The Sacratoria gens was an obscure plebeian family of ancient Rome. Hardly any members of this gens are mentioned in history, but several are known from epigraphy.

==Origin==
The nomen gentilicium Sacratorius may be derived from the word sacrator ("consecrator"), itself derived from the verb sacro, sacrare ("to sanctify"). However, according to the philologist Margaret M. T. Watmough, the attestation of the family in Casilinum may indicate that the name actually emerged from an Oscan cognate of sacrator. Morphologically, the name is paralleled by other gentilicia such as Calatorius and Fictorius, from calator ("herald") and fictor ("maker"), respectively. M. W. Frederiksen suggests that the name Sacratoria may have some connection with the name of the equestrian Marcus Sacrativir, who is mentioned by Caesar in his commentaries on the Gallic Wars.

==Members==

- Sacratoria Laudica, named in an inscription from Casilinum in Campania, dating from the latter half of the first century BC. According to Frederiksen, the stele of Sacratoria Laudica and a stele of an individual named Marcus Carulius are the only two known stones from the area that showcases a "lapidary style of lettering."
- Gaius Sacratorius Cinna, built a first-century tomb at Casilinum for his wife, Tudicia Crotis, and their children. The inscription is suspect, and may be modern.
- Numerius Sacratorius, together with his wife, the former masters of Sacratorius Speratus, a freedman named in a first-century inscription from Rome.
- (Numerius) Sacratorius N. Ɔ. l.
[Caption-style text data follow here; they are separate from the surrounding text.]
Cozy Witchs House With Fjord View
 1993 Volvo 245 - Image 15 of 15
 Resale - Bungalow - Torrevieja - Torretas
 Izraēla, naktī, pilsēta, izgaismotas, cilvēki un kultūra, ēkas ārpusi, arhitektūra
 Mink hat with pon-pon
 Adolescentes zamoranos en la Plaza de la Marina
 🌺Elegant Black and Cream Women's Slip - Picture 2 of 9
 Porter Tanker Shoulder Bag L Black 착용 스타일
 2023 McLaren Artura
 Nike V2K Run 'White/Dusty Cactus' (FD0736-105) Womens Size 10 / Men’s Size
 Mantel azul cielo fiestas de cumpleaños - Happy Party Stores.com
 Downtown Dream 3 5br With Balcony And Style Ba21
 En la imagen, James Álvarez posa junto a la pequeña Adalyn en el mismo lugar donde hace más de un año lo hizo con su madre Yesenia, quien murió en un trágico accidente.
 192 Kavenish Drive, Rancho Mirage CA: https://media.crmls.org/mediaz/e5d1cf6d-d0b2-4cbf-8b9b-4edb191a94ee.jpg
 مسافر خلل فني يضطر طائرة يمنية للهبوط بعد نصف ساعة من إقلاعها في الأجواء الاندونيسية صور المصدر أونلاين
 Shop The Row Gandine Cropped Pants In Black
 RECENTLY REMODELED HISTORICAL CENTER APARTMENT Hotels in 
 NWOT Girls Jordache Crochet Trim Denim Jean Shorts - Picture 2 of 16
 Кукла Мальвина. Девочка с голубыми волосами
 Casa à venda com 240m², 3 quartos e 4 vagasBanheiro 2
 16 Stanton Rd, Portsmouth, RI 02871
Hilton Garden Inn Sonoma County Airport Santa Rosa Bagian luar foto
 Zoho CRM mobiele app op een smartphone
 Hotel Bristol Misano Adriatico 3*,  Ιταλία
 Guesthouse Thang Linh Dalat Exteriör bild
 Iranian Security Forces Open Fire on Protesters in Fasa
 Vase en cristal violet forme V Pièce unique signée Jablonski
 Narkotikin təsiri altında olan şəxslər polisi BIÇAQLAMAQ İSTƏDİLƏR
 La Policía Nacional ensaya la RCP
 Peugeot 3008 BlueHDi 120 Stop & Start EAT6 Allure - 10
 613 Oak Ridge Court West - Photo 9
Speratus, the freedman of Numerius Sacratorius and his wife, named in a first-century inscription from Rome.

==Bibliography==
- Gaius Julius Caesar, Commentarii de Bello Gallico (Commentaries on the Gallic War).
- Theodor Mommsen et alii, Corpus Inscriptionum Latinarum (The Body of Latin Inscriptions, abbreviated CIL), Berlin-Brandenburgische Akademie der Wissenschaften (1853–present).
- Bullettino della Commissione Archeologica Comunale in Roma (Bulletin of the Municipal Archaeological Commission of Rome, abbreviated BCAR), (1872–present).
- Frederiksen, M. W. (1959). "Republican Capua: A Social and Economic Study"
- Watmough, Margaret M. T. (1995). "The Suffix -tor-: Agent-Noun Formation in Latin and the Other Italic Languages"
- Weaver, P.R.C. (1991). "Marriage, Divorce, and Children in Sncient Rome"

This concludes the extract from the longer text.